I’ll show you the code, then the results for comparison. So what’s bilinear interpolation?

Bilinear interpolation

Read up on linear interpolation first if you haven’t done so. “Bilinear” means there are 2 directions to interpolate. Let me illustrate.

Bilinear interpolation

In our case, we’re interpolating between 4 pixels. Visualise each pixel as a single point. Linearly interpolate between the top 2 pixels. Linearly interpolate between the bottom 2 pixels. Then linearly interpolate between the calculated results of the previous two.

You can expand on this concept to get trilinear interpolation.

Trilinear interpolation

LERPs is a short form of linear interpolations. When would trilinear interpolation be useful? Voxels, which is out of scope in this article.

Defining the centre of an image

I’m going to be fuzzy about this. I’m going to just take one pixel in the image and define it as the centre. This pixel is defined as having a horizontal index equal to half of its width (rounded down), and a vertical index equal to half its height (rounded down).

This means the image isn’t rotated about its “true” centre, but with a relatively large size, it won’t matter anyway. It’s not like you’re rotating an image of 5 pixel width and 3 pixel height, right?

The preparation part

The actual code is quite long, so I’m separating it into 4 parts.

  • Initialisation and variable declaration
  • Assigning source pixels to destination pixels
  • Assigning destination pixels from source pixels
  • Assigning destination pixels from source pixels with bilinear interpolation

It’s hard-coded with -30 degrees as the angle of rotation, but you can easily write it into a function.

// 30 deg = PI/6 rad
// rotating clockwise, so it's negative relative to Cartesian quadrants
const double cnAngle = -0.52359877559829887307710723054658;
// use whatever image you fancy
Bitmap bm = new Bitmap("rotationsource.jpg");
// general iterators
int i, j;
// calculated indices in Cartesian coordinates
int x, y;
double fDistance, fPolarAngle;
// for use in neighbouring indices in Cartesian coordinates
int iFloorX, iCeilingX, iFloorY, iCeilingY;
// calculated indices in Cartesian coordinates with trailing decimals
double fTrueX, fTrueY;
// for interpolation
double fDeltaX, fDeltaY;
// pixel colours
Color clrTopLeft, clrTopRight, clrBottomLeft, clrBottomRight;
// interpolated "top" pixels
double fTopRed, fTopGreen, fTopBlue;
// interpolated "bottom" pixels
double fBottomRed, fBottomGreen, fBottomBlue;
// final interpolated colour components
int iRed, iGreen, iBlue;
int iCentreX, iCentreY;
int iWidth, iHeight;
iWidth = bm.Width;
iHeight = bm.Height;

iCentreX = iWidth / 2;
iCentreY = iHeight / 2;

Bitmap bmSourceToDestination = new Bitmap(iWidth, iHeight);
Bitmap bmDestinationFromSource = new Bitmap(iWidth, iHeight);
Bitmap bmBilinearInterpolation = new Bitmap(iWidth, iHeight);

for (i = 0; i < iHeight; ++i)
{
    for (j = 0; j < iWidth; ++j)
    {
        // initialise when "throwing" values
        bmSourceToDestination.SetPixel(j, i, Color.Black);
        // since we're looping, we might as well do for the others
        bmDestinationFromSource.SetPixel(j, i, Color.Black);
        bmBilinearInterpolation.SetPixel(j, i, Color.Black);
    }
}

Some of it might not mean anything to you yet.
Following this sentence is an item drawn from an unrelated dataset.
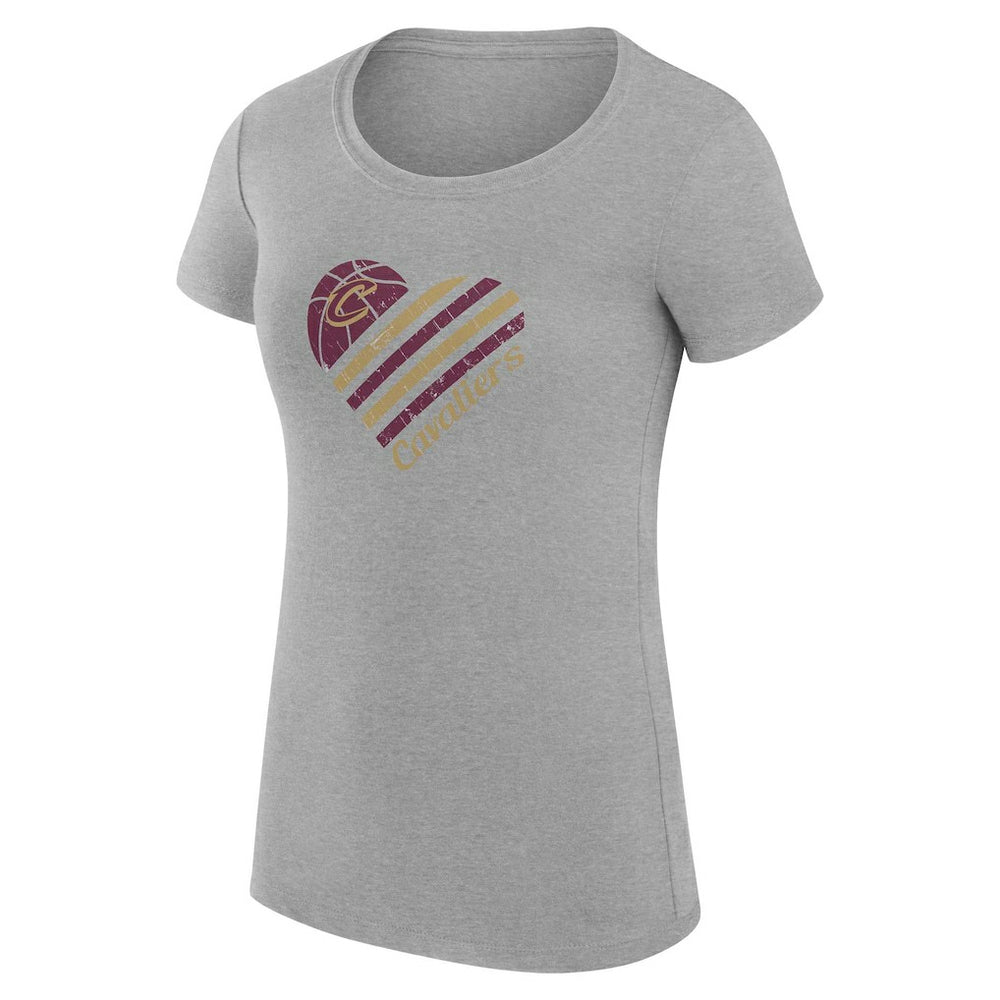 Cleveland Cavaliers G-III 4Her by Carl Banks Women's Super-Slim Fit Lightweight Heart T-Shirt sale - Heather Gray for sale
Just wait for the rest of the code. You might want to read up on converting between raster, Cartesian and polar coordinates first before moving on.
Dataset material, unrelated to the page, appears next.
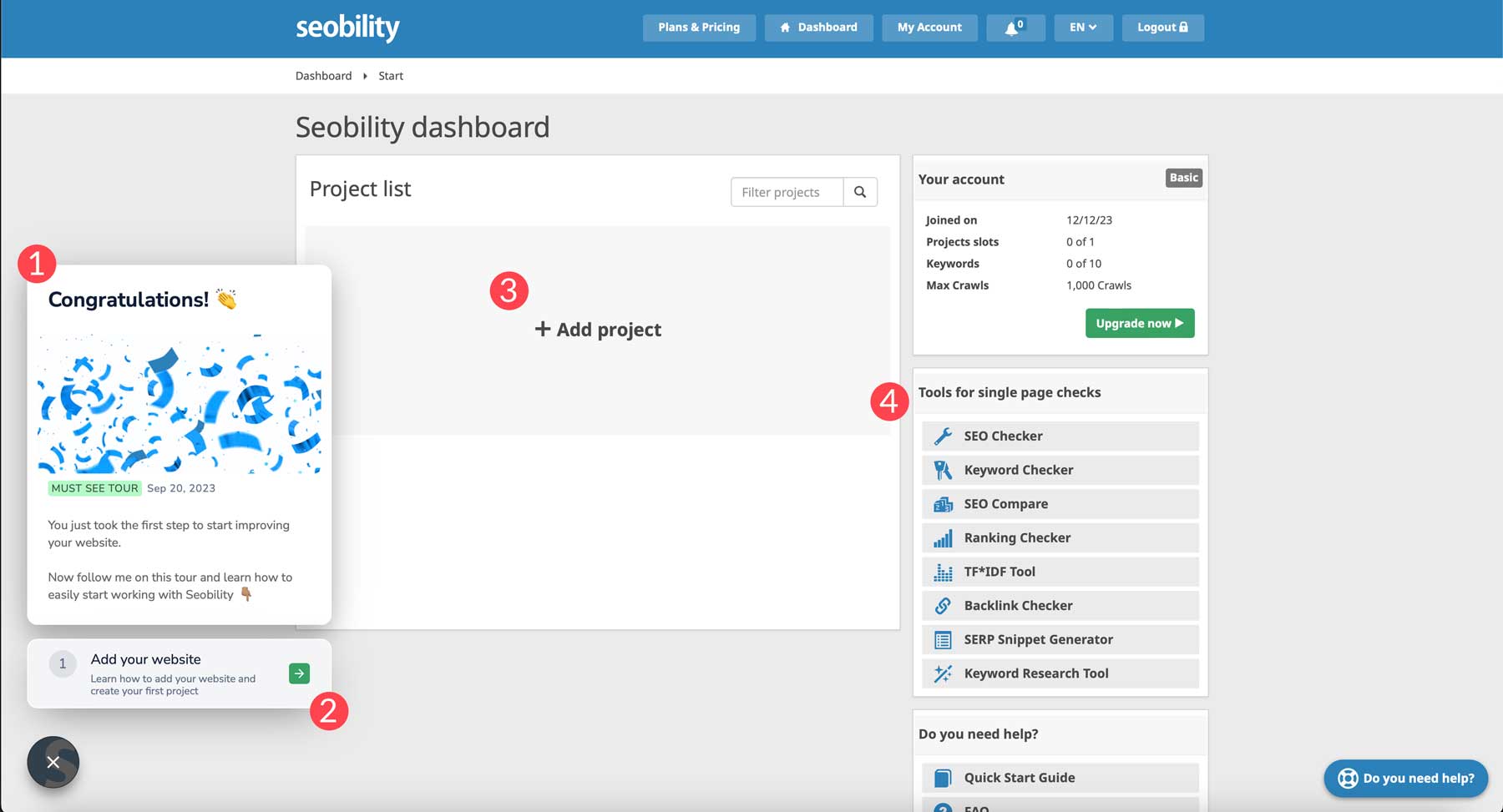 Panel de control Seobility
Throwing values from source to destination

// assigning pixels from source image to destination image
for (i = 0; i < iHeight; ++i)
{
    for (j = 0; j < iWidth; ++j)
    {
        // convert raster to Cartesian
        x = j - iCentreX;
        y = iCentreY - i;

        // convert Cartesian to polar
        fDistance = Math.Sqrt(x * x + y * y);
        fPolarAngle = 0.0;
        if (x == 0)
        {
            if (y == 0)
            {
                // centre of image, no rotation needed
                bmSourceToDestination.SetPixel(j, i, bm.GetPixel(j, i));
                continue;
            }
            else if (y < 0)
            {
                fPolarAngle = 1.5 * Math.PI;
            }
            else
            {
                fPolarAngle = 0.5 * Math.PI;
            }
        }
        else
        {
            fPolarAngle = Math.Atan2((double)y, (double)x);
        }

        // the crucial rotation part
        fPolarAngle += cnAngle;

        // convert polar to Cartesian
        x = (int)(Math.Round(fDistance * Math.Cos(fPolarAngle)));
        y = (int)(Math.Round(fDistance * Math.Sin(fPolarAngle)));

        // convert Cartesian to raster
        x = x + iCentreX;
        y = iCentreY - y;

        // check bounds
        if (x < 0 || x >= iWidth || y < 0 || y >= iHeight) continue;

        bmSourceToDestination.SetPixel(x, y, bm.GetPixel(j, i));
    }
}
bmSourceToDestination.Save("rotationsrctodest.jpg", System.Drawing.Imaging.ImageFormat.Jpeg);

It should be fairly easy to read. Note the part about checking for the central pixel of the image. No rotation calculation necessary, so we assign and move to the next pixel. Note also the part about checking boundaries.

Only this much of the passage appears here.